Kita tentu tak ingin MK hanya bagus di masa-masa awal saja. Untuk itu kita perlu waspada, sebab secara genetis MK berpotensi mengidap sindrom itu. Setidaknya ada tiga hal yang mendukung peluang itu. Pertama, MK adalah lembaga baru sehingga punya momen untuk mengawali segalanya dengan baik tanpa tersandera oleh kebobrokan serta deal-deal politik masa lalu. Kedua, sampai sekarang cabang kekuasaan lain di luar MK tak pernah melakukan intervensi. Ketiga, sebagai lembaga penafsir konstitusi, MK memiliki keleluasaan dalam menafsirkan konstitusi.

Dua faktor yang disebut pertama merupakan potensi yang sangat mungkin terjadi seiring bertambahnya usia. Siapa yang menjamin lima, sepuluh atau tiga puluh tahun lagi MK bisa berlaku sangat adil seperti sekarang ini? Selagi baru putusannya pro keadilan. Tetapi seiring dengan waktu dan pengaruh sekitarnya, siapa yang bisa menjamin MK tetap pro keadilan?

Sementara faktor ketiga agaknya lebih berbahaya. MK sekarang menerapkan paradigma keadilan substantif. Paradigma itu memungkinkan MK mencari jalan sendiri menuju keadilan meskipun dengan cara menabrak atau melanggar ketentuan hukum yang dinilai tak mendukung tercapainya keadilan. Jika tak hati-hati, negara supremasi hakim (government by judisiary) yang dikhawatirkan orang itu bisa benar-benar terjadi. Hakim pada dua periode ini berlaku sangat adil meskipun punya keleluasaan, akan tetapi siapa yang menggaransi hal itu akan diwarisi oleh hakim-hakim masa depan?


Pengawasan Informal

Menghadapi prediksi itu, maka di ulang tahunnya ini, kita jangan hanya memberi ucapan selamat saja. Memberi selamat bukannya tak penting tetapi lebih penting lagi kalau kita ikut memberikan perhatian kepada MK. Wujudnya adalah perhatian kita untuk tidak membiarkan MK ”sendirian” dalam proses tumbuhkembangnya ke masa depan. Dalam rangka itu, kebutuhan mendesak saat ini adalah bagaimana memformulasikan mekanisme pengawasan terhadap hakim konstitusi.

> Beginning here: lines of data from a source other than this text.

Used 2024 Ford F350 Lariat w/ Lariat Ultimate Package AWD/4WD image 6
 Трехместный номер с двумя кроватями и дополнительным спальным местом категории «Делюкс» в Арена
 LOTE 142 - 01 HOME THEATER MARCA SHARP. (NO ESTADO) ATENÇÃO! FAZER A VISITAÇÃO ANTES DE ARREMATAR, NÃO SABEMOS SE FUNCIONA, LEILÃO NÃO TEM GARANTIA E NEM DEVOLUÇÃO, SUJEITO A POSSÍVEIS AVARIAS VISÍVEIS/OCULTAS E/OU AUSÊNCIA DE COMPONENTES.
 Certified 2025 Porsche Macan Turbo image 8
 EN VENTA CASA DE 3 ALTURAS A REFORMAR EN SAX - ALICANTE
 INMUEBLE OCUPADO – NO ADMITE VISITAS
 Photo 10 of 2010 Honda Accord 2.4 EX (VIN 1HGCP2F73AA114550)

Politik hukum menegnai pengawasan MK harus cermat, sebab segala bentuk pengawasan terhadap MK harus memperhatikan dua hal. Pertama, Putusan MK tentang judicial review UU KY yang menyangkut pengawasan terhadap hakim sudah dinyatakan bertentangan dengan UUD 1945 karena menimbulkan ketidakpastian hukum (rechtsonzekerheid). Kedua, common sense publik mengenai perlunya pengawasan terhadap hakim secara lebih efektif. Berdasarkan pengalaman, pengawasan internal selalu mentah karena sulit mengharapkan pengawas bekerja imparsial. Aroma kongkalikong selalu berhembus, alhasil pengawasan sekedar formalitas tanpa hasil alias nihil.

Lantas bagaimana mestinya mengawasi pengawal konstitusi? Terikat pada kedua hal itu sungguh njlimet. Kalau desain pengawasan ditempuh melalui ketentuan formal, dibutuhkan racikan yang baik antara kewenangan pengawasan hakim dengan prinsip independensi hakim. Kegagalan terdahulu terjadi karena pengawas sering tidak puas sekedar mengawasi perilaku hakim. Pengawas kerap “ngotot” ingin masuk ke ranah putusan hakim. Hal itu yang tak boleh lagi terjadi karena melanggar asas independensi institusi kehakiman yang berlaku universal.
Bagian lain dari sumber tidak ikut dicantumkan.